AFE134 Business Statistics
Computer Online Tutoring Problems
Answer 1
- Questionnaires method of surveying shall be used by the researcher to collect data about the negative impacts of television. This questionnaire would include both open and close ended question. Use of these questionnaires would reduce the level of personal interaction between the respondents and data collector, which would increase the speed of data collection. Further, this increase in speed would not only decrease the time taken in collection of statistics but also increase the number of people that can be covered in the survey. Thus it is beneficial for the research work that the researcher uses questionnaire method of surveying to collect data.
- The researcher can use stratified sampling. There are several groups of peoples, and stratified sampling would consider the different characteristics of people. For example in this data collection the information may differ substantially between the villagers and city dwellers and stratified sampling would consider it. Similarly there are several variables which are expected to substantially impact the distress from television viewing and only stratified sampling would ensure that all be considered appropriately.
- The categorical variables would include being a TV viewer, watch violent shows, obese, financial problems, impacted by commercials and increase in shopping. The data types to these categorical variables are ‘yes’ or ‘no’. The numerical variables would include the number of hours that a family watches the amount of monthly expenditure, debt on them and the weight of the people in the family. The data types would be relative numerical values corresponding to the variables.

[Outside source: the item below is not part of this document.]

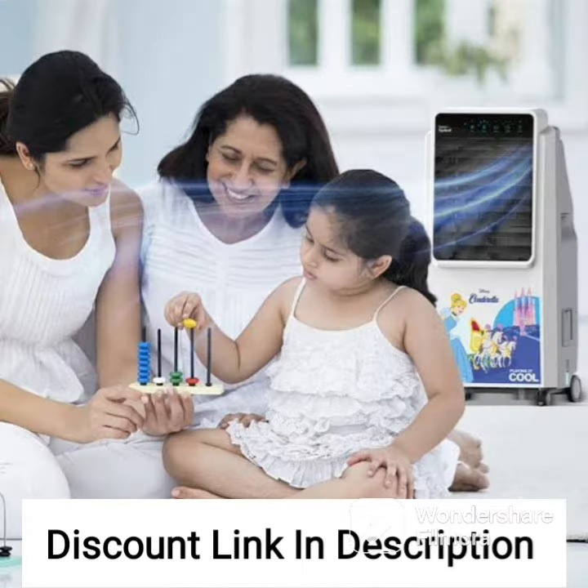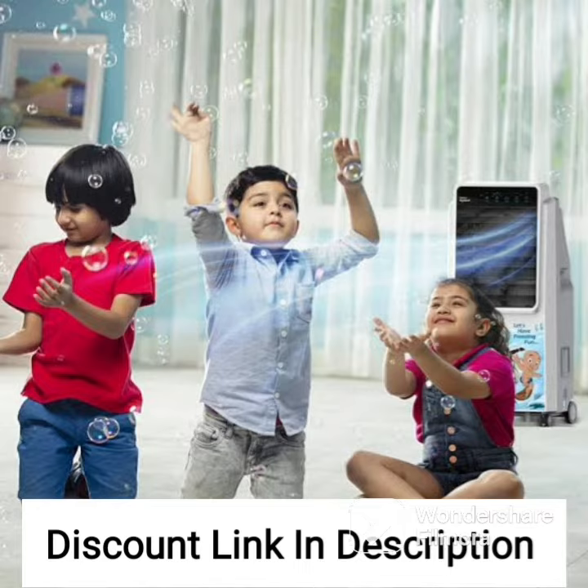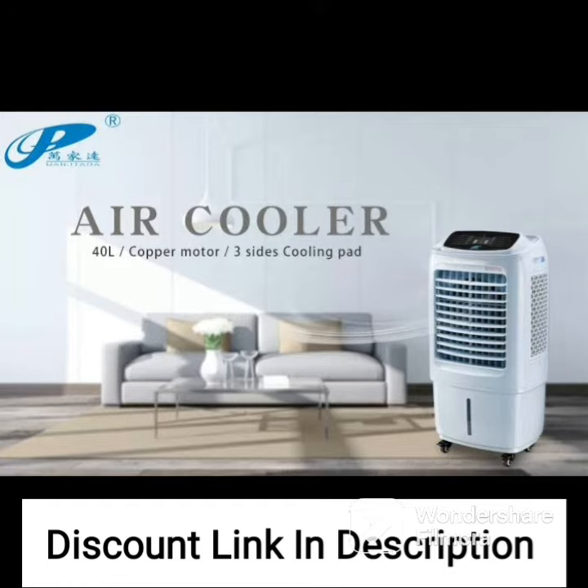The Symphony Touch 110 has a sleek and modern design that will complement any home decor. It comes with four durable caster wheels, making it easy to move around and place in different rooms. It also has a built-in timer that can be programmed to automatically turn off the cooler after a set amount of time, which is a great feature for energy conservation.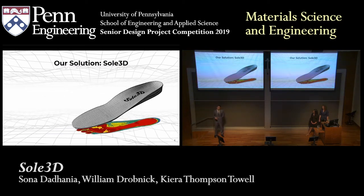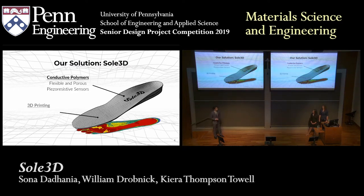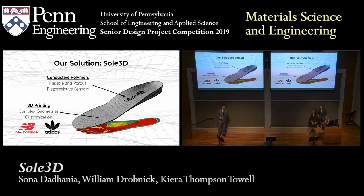Our goal throughout the year was to create a material that could be used for this product. This material is a conductive polymer, giving it the flexibility and porosity of a real shoe insole, as well as enabling it to act as a piezo-resistive sensor. What this means is that forces applied to this material cause localized conductivity changes, which can then be used to create a weight distribution map. We also wanted to 3D print this material, which allowed us to create complex geometries and would allow for the future product to be customized to individual feet and unique walking impairments. You see this trend of 3D printing shoes in companies today like New Balance and Adidas as well. Now I'm going to hand it off to Sona, who will talk about how we developed our material.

- The basic issue in the data collection is straying off from the basic purpose of the data collection. Population has many variants to be judged on and therefore the researcher, while collecting data, may get puzzled over which variant to additionally include and which not to. Further, the researcher may also feel difficulty in identifying the appropriate sample after stratification.
Answer 2
- Generally it is substantially enough if the number of classes is kept between 6-15. This ensures that the data being considered stays substantially manageable. Considering this the researcher would ensure the same. Presently the researcher has collected information about 395 families thus it would be beneficial if the number of classes be kept 12. The maximum hours of television watched by the families are 57 hours and the minimum hours are 6 which can be both rounded off to 1 and 60. On this basis the frequency density would be 5. And the distribution on the basis of the no. of hours would have classes 0 – 5, 6 – 10, 11 – 15, 16 – 20, 21 – 25, 26 – 30, 31 – 35, 36 – 40, 41 – 45, 46 – 50, 51 – 55, and 56 – 60. Similarly the maximum debt of the families is 277,234 while the minimum debt is 20,516. These can be successfully rounded off to 0 and 300,000. And now to keep twelve classes, the frequency density comes to 25,000. Thus the distribution on the basis of debt would have classes 0 – 25000, 25001 – 50000, 50001 – 75000, 75001 – 100000, 100001 – 125000, 125001 – 150000, 150001 – 175000, 175001 – 200000, 200001 – 225000, 225001 – 250000, 250001 – 275000, 275000 – 300000. Thus the two distributions can be presented as:
Distribution on the basis of no. of hours | |
Class | Frequency |
0-5 | 0 |
6-10 | 6 |
11-15 | 22 |
16-20 | 37 |
21-25 | 64 |
26-30 | 75 |
31-35 | 66 |
36-40 | 57 |
41-45 | 43 |
46-50 | 17 |
51-55 | 6 |
56-60 | 2 |
TOTAL | 395 |
Distribution on the basis of debt | |
Class | Frequency |
0-25000 | 3 |
25001-50000 | 15 |
50001-75000 | 31 |
75001-100000 | 70 |
100001-125000 | 74 |
125001-150000 | 97 |
150001-175000 | 48 |
175001-200000 | 32 |
200001-225000 | 21 |
225001-250000 | 3 |
250001-275000 | 0 |
275001-300000 | 1 |
TOTAL | 395 |
- Histogram on the basis of TV hours
Histogram on the basis of debt on family
Shape of the two distributions
The distribution of the hours of time people spend on Television is a symmetrical distribution with 26-30 as its base. As the distribution moves towards the base, the frequency increases and as it moves away from the face, the frequency decreases. But, since the frequency distribution is not just the same on both sides, it is not perfectly symmetrical. However, if the distribution of the level of debt on the family’s be analyzed, initially the distribution is positively skewed and then when it crosses the middle point it is negatively skewed.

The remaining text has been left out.